Do naszej redakcji zgłosiło się kilku zdezorientowanych rodziców. Urząd Miasta dostarczył do przedszkoli „ankiety” w celu sprawdzenia ilu sześciolatków pójdzie do klas pierwszych. Niestety, ankiety bardziej przypominają deklaracje, a rodzice mają czas zaledwie do piątku 15.01 by dokumenty oddać.

Witam, chciałbym odnieść się do "badania" hmm.. szczerze mówiąc nie wiem jak to nazwać, które przeprowadzane jest przez Urząd Miejski w Elblągu w przedszkolach. Jako rodzic otrzymałem do wypełnienia deklarację(na oddanie mam kilka dni) w której muszę określić gdzie od nowego roku moje dziecko będzie kontynuować edukację. Zgodnie ze słownikiem języka polskiego słowo deklaracja oznacza oświadczenie lub zobowiązanie mające moc prawną. Czy Urząd Miasta może na rodzicach wnieść taki wymóg już teraz? Rekrutacja dopiero będzie ? Na ile więc jest to wiążące? Skoro teraz zobowiąże się to czy przy rekrutacji mogę zmienić zdanie?

- pisze do nas jeden z zaniepokojonych rodziców.

W formularzu rodzice podają imię i nazwisko dziecka, a także mają cztery możliwości do wyboru - czy dziecko będzie uczęszczać: do przedszkola, do którego obecnie uczęszcza, do innego przedszkola, do oddziału przedszkolnego w Szkole Podstawowej, do klasy pierwszej w Szkole Podstawowej.

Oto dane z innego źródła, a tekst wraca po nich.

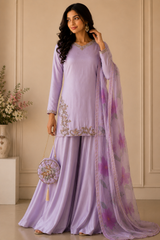 Lavender Bloom Embroidered Kurta Palazzo Set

Ze względu na to, iż jestem ojcem 2 dzieci (5 lat oraz 2 lata) chciałbym żeby moje dziecko uczęszczało do oddziału przedszkolnego w Szkole Podstawowej, a tym samym zwolniło miejsce młodszej córeczce. Z tego co się orientuję w tej szkole nie ma "zerówek". Jak to się ma w takim razie do mojego oświadczenia.  Zobowiązuję się że będzie chodzić do "zerówki" w Szkole, która nie ma oddziału przedszkolnego. Mogę tak zaznaczyć czy nie? Mam dylemat.  Do deklaracji nie załączono żadnej informacji wyjaśniającej. Rodzice są zdezorientowani i nie wiedzą co robić

– dodaje nasz czytelnik.

Postanowiliśmy sprawdzić czy ankiety rzeczywiście trafiły do przedszkoli. Jak potwierdzają rodzice, a także pracownicy elbląskich przedszkoli takowe dokumenty się pojawiły. Część rodziców wypełnia od razu, inni są przerażeni i nie wiedzą co robić. Obawiają się, że jeżeli teraz zadeklarują, którąś z pozycji to podczas rekrutacji w marcu-kwietniu do klas pierwszych nie będą mogli zmienić zdania.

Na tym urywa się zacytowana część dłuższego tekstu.